Data for processing:
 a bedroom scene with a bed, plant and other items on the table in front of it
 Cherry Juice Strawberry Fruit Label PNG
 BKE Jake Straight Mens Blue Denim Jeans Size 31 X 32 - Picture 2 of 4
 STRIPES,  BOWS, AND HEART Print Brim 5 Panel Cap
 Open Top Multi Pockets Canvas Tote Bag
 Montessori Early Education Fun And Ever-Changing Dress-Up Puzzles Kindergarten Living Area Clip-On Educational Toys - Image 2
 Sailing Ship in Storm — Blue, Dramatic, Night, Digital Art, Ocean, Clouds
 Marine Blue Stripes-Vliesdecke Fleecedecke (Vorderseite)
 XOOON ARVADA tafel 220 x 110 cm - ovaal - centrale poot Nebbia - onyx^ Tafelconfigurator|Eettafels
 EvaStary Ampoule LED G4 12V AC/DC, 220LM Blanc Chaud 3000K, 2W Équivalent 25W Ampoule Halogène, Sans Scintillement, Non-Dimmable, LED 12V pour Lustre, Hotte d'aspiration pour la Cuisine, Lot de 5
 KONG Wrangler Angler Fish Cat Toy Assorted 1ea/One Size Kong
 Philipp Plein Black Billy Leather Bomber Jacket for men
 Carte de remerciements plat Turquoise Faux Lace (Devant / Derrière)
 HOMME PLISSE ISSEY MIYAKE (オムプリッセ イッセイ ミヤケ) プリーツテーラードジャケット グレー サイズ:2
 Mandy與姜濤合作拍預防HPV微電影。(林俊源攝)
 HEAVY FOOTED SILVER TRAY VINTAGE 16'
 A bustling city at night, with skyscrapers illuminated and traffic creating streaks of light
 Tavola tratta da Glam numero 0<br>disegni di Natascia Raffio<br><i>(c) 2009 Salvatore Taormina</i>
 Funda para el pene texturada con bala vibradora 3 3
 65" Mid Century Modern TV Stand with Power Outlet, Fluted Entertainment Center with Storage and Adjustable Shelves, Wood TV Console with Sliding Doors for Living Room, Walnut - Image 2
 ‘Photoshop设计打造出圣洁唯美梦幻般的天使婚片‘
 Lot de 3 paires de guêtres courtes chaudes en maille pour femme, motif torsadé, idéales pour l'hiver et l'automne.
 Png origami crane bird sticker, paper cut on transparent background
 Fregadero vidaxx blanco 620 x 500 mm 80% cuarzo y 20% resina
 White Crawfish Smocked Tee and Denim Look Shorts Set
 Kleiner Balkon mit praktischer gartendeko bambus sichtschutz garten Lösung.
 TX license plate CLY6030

What needs to be done: In the listing above, find the line with "Fregadero vidaxx blanco", then copy it and every later line exactly, through the last line, and nothing else.

Task result:
 Fregadero vidaxx blanco 620 x 500 mm 80% cuarzo y 20% resina
 White Crawfish Smocked Tee and Denim Look Shorts Set
 Kleiner Balkon mit praktischer gartendeko bambus sichtschutz garten Lösung.
 TX license plate CLY6030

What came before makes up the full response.